> [Supplied material]:
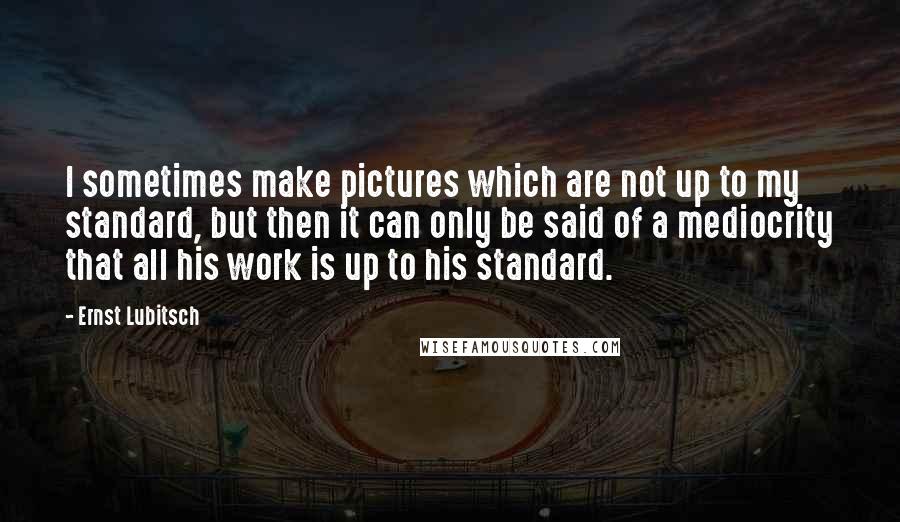 Ernst Lubitsch Quotes: I sometimes make pictures which are not up to my standard, but then it can only be said of a mediocrity that all his work is up to his standard.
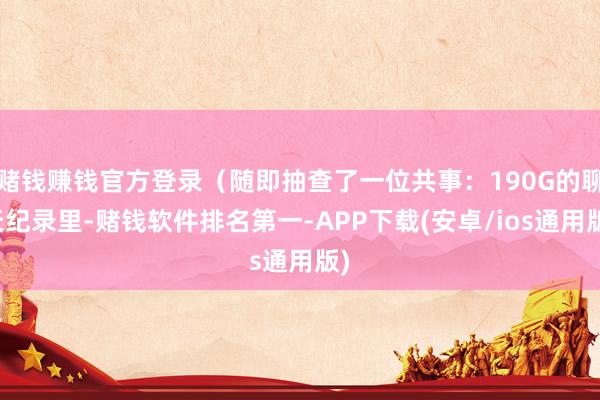 赌钱赚钱官方登录（随即抽查了一位共事：190G的聊天纪录里-赌钱软件排名第一-APP下载(安卓/ios通用版)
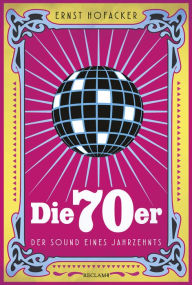 Title: Die 70er. Der Sound eines Jahrzehnts, Author: Ernst Hofacker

> [Problem to work on]: Leaving the pictures out, output each line of the listing exactly.

> [Solved exercise]:
 Ernst Lubitsch Quotes: I sometimes make pictures which are not up to my standard, but then it can only be said of a mediocrity that all his work is up to his standard.
 赌钱赚钱官方登录（随即抽查了一位共事：190G的聊天纪录里-赌钱软件排名第一-APP下载(安卓/ios通用版)
 Title: Die 70er. Der Sound eines Jahrzehnts, Author: Ernst Hofacker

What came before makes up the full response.